The title track, which marks the album’s true beginning after a short and rather unnecessary interlude, forms a good baseline for understanding this LP. The song ponders a picture of Morby’s dad, in younger years, against a backdrop of his modern-day issues. Strong lyrical imagery like “now time’s the undefeated, the heavy-weight champ” lays the groundwork for an epic album exploring age and decay, both on the personal level and on a national scale. This sort of thing isn’t unique, sure, but it could be pretty compelling in the right hands. Unfortunately, though, that hope for a coherent masterpiece withers by the end of the tune, with Morby shouting over and over “this is what I’ll miss about being alive, this is what I’ll miss after I die”. It’s frankly rather irritating, and demonstrates a frequent problem which blights this album, and has cropped up on several of his recent albums as well: while there are some wonderful lines here, some of the lyrics are pedestrian, and often it’s the pedestrian lines which are repeated like mantras. In a genre like folk, lyrics are important, even if Morby’s evocative voice can frequently allow the listener to ignore some mediocre lines. The effortless profundity he brings to a tune vocally is a double-edged sword, though. Feel free to listen to “Wander” from Morby’s 2020 effort
Sundowner, in which the singer recites third-grade level poetry in a tone which suggests he believes he’s uncovered the meaning of life. To be fair, nothing on
This Is A Photograph is as galling as that example, but the weakness is still present.
The next few songs which follow are the album’s strongest stretch: “A Random Act Of Kindness”, “Bittersweet, TN”, and “Disappearing”, wonderful folk cuts (the last rather bluesy) with themes of aging and the passage of time. They don’t represent the album at its most ambitious, but these tunes are warm and well-crafted. The record’s second half, meanwhile, is much more of a mixed bag. There’s the heavier “Rock Bottom”, which definitely comes across as a failed experiment, juxtaposed with the beautiful “Stop Before I Cry”, a love letter to partner Katie Crutchfield (of Waxahatchee fame).

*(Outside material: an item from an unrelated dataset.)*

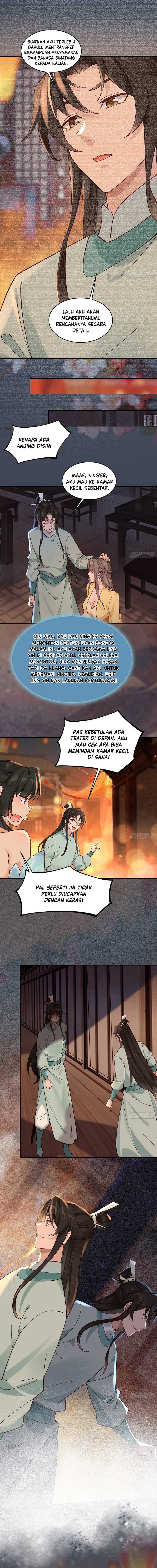 Please Don’t Show Your Son Chapter 162.5 Image 4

Discussing closer “Goodbye To The Good Times” is an appropriate way to end this review, as it encapsulates both the appeal and the failures of this album. Singing about his father getting Mickey Mantle’s autograph, Morby draws deep from the well of Americana lore, musing (close to cliche, but appealingly nonetheless) that “they just don’t make ‘em like that no more”. Later on, though, the song devolves into a repeated line “sometimes the good die young, and sometimes they survive”. While there’s nothing untrue about that statement, it’s mundane enough to make me wince, and forms an appropriately unsatisfying ending to an album which seems to often bite off more than it can chew.
This Is A Photograph is an album which aims for an impressively grand vision, but rarely hits the mark. In its less grandiose moments, though, it’s frequently successful, providing the listener with a number of lovely folk tunes.